Task requirements.
Output the entries below exactly as written, omitting pictures.

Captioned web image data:
· · · ·
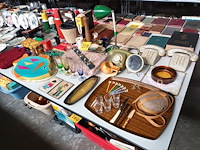 Lot 259 - retro en vintage huisraad. 60 stuks - afbeelding 2 van  7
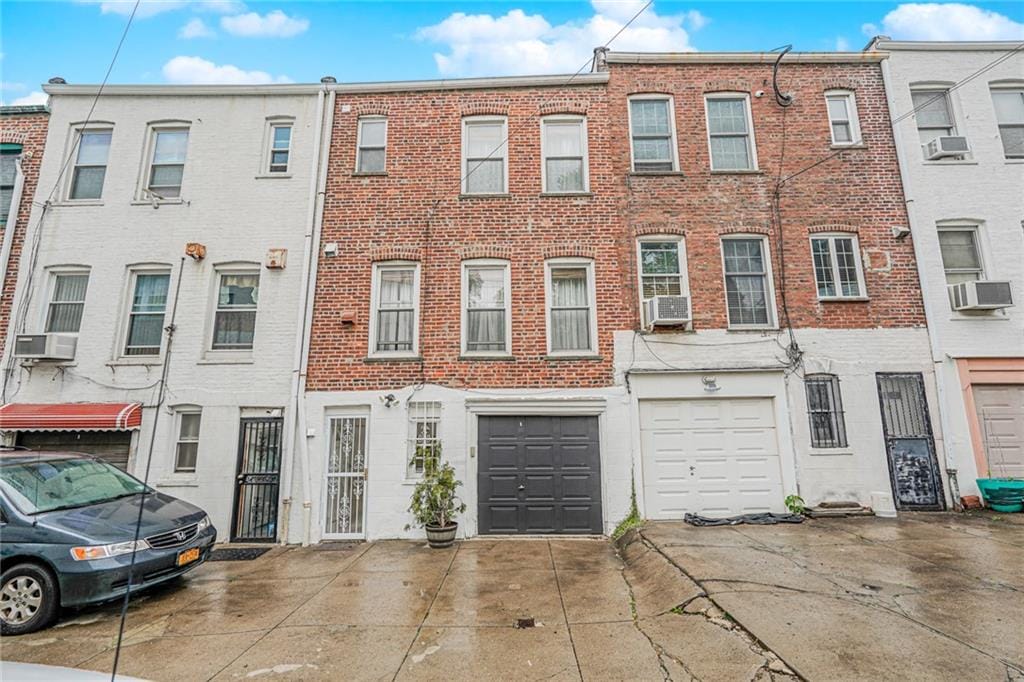 138 Wakeman Place, Brooklyn, New York, 11220 image 35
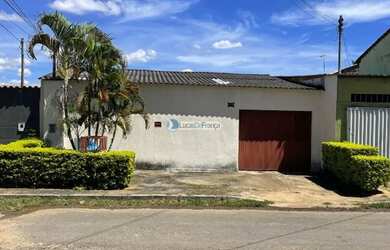 Imagem: A casa possui 2 Dormitórios, 1 Banheiro, 2 Vagas na garagem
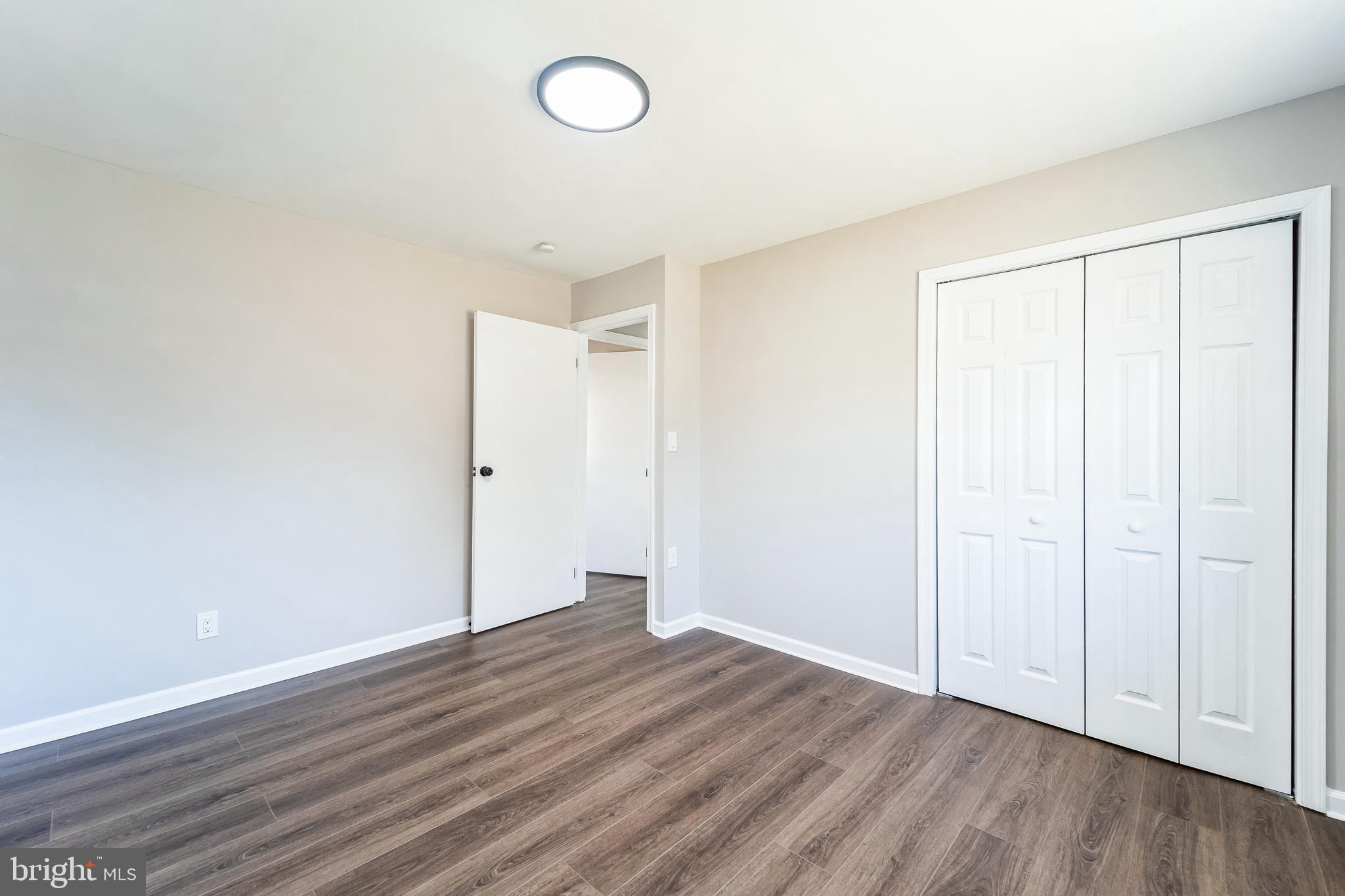 FERNGLEN MANOR - Residential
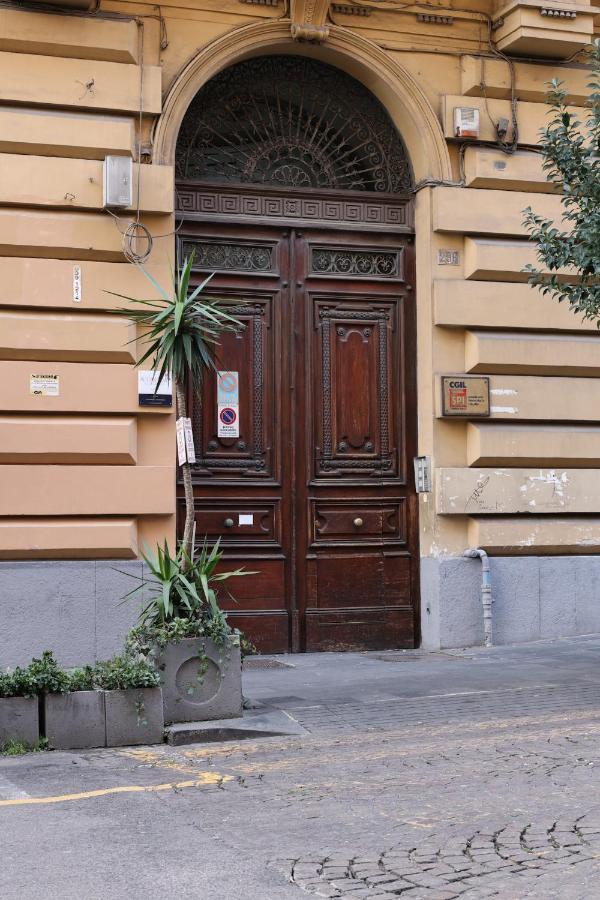 Quatrum Napoli - B&B ภายนอก รูปภาพ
· · · ·
Written response.
 Lot 259 - retro en vintage huisraad. 60 stuks - afbeelding 2 van  7
 138 Wakeman Place, Brooklyn, New York, 11220 image 35
 Imagem: A casa possui 2 Dormitórios, 1 Banheiro, 2 Vagas na garagem
 FERNGLEN MANOR - Residential
 Quatrum Napoli - B&B ภายนอก รูปภาพ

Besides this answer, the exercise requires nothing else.